La métamorphose des plantes
Goethe ne fut pas seulement l’un des plus éminents poètes allemands du 18e siècle. Naturaliste émérite, il étudia la physique, la minéralogie et la biologie. Au cours de sa carrière dans les affaires publiques, il réalisa de nombreuses observations et constitua maintes collections. Dans le cadre de ses recherches en botanique, il examina la constitution et le développement des plantes annuelles. Cette étude fut la première publication scientifique majeure de Goethe. Elle parut pour la première fois en 1790 sous le titre: Essai sur la métamorphose des plantes.

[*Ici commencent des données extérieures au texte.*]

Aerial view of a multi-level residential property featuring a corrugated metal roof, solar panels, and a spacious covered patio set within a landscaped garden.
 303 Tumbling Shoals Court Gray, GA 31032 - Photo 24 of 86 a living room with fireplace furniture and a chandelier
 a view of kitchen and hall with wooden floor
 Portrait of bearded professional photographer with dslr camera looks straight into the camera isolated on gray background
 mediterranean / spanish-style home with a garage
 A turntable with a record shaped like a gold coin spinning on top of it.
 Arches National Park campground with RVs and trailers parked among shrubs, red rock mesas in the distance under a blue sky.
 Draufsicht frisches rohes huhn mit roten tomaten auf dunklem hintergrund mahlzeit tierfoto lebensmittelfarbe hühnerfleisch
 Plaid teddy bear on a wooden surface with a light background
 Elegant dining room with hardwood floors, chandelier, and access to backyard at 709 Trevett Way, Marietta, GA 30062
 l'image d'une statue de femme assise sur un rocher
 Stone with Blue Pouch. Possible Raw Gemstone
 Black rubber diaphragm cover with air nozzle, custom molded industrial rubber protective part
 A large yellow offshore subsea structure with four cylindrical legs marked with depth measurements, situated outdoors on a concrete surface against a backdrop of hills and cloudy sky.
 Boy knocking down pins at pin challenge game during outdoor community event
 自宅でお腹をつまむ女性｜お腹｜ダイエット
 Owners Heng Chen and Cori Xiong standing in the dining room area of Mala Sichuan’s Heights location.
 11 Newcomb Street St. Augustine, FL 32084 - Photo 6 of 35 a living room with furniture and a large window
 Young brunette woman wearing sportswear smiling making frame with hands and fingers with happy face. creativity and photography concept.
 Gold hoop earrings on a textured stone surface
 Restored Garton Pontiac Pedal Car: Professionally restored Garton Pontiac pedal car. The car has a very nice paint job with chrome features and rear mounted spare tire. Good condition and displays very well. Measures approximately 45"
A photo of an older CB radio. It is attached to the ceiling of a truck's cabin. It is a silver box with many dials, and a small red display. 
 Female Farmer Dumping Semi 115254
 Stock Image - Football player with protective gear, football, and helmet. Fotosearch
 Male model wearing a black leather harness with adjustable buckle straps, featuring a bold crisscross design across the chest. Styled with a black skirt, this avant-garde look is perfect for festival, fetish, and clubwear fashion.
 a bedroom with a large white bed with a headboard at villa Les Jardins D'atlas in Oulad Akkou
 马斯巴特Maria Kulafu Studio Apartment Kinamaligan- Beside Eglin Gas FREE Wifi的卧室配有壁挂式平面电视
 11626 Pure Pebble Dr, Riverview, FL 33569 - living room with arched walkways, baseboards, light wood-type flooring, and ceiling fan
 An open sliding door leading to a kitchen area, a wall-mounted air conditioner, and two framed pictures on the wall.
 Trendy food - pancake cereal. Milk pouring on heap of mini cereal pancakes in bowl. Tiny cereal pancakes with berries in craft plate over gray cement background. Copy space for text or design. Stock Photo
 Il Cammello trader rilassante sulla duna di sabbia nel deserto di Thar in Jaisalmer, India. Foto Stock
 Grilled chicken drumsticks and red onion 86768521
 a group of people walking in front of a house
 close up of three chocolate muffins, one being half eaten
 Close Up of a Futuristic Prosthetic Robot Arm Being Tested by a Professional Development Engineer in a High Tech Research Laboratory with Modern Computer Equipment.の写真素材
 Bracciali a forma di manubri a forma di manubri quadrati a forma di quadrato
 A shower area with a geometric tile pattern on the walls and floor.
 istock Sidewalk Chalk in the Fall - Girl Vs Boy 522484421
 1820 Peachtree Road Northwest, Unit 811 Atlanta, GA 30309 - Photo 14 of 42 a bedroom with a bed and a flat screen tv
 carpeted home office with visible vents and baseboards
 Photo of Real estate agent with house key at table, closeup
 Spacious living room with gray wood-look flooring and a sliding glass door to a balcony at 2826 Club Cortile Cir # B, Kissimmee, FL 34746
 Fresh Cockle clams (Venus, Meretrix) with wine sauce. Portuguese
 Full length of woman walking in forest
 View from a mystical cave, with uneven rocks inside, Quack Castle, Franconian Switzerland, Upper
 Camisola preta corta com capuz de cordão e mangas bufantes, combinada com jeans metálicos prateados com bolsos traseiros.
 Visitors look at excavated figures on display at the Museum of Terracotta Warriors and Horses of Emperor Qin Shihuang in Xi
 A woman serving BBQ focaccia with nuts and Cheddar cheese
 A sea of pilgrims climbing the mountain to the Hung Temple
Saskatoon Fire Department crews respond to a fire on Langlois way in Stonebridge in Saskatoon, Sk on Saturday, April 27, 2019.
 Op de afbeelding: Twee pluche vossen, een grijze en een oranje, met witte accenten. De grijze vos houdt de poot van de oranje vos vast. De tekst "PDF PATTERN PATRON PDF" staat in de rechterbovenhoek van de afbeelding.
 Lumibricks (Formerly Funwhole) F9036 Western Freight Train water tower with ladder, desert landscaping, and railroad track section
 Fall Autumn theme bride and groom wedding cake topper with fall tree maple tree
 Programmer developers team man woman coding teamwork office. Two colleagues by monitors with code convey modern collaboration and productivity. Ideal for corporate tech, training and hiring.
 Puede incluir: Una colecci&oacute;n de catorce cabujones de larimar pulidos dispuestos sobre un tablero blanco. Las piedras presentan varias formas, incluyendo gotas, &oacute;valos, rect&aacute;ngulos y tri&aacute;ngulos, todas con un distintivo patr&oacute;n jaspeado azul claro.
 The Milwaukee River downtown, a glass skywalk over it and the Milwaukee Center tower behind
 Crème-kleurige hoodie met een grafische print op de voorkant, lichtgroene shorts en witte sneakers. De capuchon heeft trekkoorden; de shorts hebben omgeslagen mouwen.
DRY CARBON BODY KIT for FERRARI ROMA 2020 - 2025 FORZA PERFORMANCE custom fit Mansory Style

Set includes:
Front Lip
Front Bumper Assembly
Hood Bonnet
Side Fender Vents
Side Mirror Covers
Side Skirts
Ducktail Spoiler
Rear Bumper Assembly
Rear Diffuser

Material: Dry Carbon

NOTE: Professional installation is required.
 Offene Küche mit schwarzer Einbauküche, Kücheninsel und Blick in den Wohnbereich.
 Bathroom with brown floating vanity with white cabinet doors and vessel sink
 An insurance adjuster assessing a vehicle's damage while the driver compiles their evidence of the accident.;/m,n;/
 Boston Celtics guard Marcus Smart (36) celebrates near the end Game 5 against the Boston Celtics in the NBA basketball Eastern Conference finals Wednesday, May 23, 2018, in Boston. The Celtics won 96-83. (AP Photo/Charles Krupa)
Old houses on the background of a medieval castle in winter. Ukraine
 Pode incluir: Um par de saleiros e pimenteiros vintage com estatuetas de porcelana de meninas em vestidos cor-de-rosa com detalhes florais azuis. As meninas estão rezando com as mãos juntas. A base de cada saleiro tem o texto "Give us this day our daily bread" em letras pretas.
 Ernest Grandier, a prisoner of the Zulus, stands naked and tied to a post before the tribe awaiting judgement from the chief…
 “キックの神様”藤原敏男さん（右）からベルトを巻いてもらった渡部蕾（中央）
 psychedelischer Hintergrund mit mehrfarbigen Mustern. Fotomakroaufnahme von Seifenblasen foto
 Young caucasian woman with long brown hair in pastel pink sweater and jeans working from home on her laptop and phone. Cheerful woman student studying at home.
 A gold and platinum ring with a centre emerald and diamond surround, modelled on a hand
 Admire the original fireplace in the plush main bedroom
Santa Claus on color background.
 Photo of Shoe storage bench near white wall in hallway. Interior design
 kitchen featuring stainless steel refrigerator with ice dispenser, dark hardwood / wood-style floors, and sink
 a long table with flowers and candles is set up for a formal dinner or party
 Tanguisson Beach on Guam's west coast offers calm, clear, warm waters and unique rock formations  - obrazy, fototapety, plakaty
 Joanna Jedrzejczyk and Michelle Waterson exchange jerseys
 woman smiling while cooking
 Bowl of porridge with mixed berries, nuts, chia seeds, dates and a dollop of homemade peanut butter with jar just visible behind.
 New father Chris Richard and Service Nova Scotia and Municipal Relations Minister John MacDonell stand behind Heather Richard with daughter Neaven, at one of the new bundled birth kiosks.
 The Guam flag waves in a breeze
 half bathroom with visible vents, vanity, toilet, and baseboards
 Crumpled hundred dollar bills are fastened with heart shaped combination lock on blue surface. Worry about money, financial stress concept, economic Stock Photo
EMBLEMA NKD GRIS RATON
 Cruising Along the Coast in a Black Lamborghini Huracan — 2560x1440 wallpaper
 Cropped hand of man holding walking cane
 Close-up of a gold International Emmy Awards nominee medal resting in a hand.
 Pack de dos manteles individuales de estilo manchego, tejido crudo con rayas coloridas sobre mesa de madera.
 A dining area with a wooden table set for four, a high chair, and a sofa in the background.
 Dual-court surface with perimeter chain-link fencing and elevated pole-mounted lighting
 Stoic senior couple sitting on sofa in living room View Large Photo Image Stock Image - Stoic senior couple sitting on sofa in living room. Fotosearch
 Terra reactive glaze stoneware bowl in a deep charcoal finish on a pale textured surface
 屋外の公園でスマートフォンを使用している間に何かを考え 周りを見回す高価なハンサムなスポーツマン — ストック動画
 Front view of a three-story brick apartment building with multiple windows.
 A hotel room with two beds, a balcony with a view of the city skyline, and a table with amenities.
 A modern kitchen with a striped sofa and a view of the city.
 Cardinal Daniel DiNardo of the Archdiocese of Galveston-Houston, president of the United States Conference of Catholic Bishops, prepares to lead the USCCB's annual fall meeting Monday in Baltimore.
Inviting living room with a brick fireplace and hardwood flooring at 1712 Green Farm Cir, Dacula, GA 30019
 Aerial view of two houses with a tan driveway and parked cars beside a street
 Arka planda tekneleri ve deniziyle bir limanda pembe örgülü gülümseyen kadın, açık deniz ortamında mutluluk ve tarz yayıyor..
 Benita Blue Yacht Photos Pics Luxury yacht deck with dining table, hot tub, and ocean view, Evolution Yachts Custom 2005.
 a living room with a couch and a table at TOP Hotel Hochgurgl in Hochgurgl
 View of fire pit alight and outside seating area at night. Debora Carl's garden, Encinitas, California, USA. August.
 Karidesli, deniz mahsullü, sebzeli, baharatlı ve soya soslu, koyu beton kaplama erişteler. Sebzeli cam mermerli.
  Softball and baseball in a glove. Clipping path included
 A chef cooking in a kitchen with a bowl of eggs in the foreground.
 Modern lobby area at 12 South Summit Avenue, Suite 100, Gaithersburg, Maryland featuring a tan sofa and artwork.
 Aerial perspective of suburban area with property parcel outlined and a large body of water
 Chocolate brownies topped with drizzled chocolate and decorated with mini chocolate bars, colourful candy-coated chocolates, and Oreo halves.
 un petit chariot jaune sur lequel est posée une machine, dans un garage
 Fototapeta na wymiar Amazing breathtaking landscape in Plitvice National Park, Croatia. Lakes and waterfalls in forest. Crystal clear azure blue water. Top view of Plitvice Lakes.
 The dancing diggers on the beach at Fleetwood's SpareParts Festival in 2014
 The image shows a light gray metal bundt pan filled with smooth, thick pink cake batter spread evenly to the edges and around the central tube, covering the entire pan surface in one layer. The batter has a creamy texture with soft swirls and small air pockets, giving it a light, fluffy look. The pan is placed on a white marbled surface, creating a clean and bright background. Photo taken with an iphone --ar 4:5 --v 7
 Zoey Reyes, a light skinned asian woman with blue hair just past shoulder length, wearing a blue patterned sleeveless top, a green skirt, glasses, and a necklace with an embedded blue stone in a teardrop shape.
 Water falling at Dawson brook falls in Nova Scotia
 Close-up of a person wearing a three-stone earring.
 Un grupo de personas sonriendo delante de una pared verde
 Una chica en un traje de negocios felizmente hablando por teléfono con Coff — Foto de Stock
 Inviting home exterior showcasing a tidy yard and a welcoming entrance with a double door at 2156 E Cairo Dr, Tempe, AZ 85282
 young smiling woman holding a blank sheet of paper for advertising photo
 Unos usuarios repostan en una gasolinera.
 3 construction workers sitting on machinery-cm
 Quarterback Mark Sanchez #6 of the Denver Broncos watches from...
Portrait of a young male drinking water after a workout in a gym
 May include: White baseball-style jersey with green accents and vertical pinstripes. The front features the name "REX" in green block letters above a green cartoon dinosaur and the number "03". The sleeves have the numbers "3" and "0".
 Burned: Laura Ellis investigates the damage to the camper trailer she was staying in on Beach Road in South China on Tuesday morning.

Ses conclusions firent grand bruit dans les milieux scientifiques de l’époque. Quoique maintes fois critiqué, l’ouvrage fut réédité plusieurs fois, traduit en plusieurs langues, puis intégré dans les manuels de botanique.
Goethe reprit les recherches de Linné sur la notion de métamorphose pour décrire la modification de la forme dans la nature. Il s’intéressa à l’évolution des différentes formes de feuilles qui poussent de manière successive et différenciée. Ses descriptions détaillées des organes et de leur transformation, fondées sur des exemples pertinents, constituaient une nouveauté pour la botanique de l’époque; et son idée d’un lien de parenté entre les types de feuilles en vertu d’un plan d’organisation commun reste encore valable de nos jours.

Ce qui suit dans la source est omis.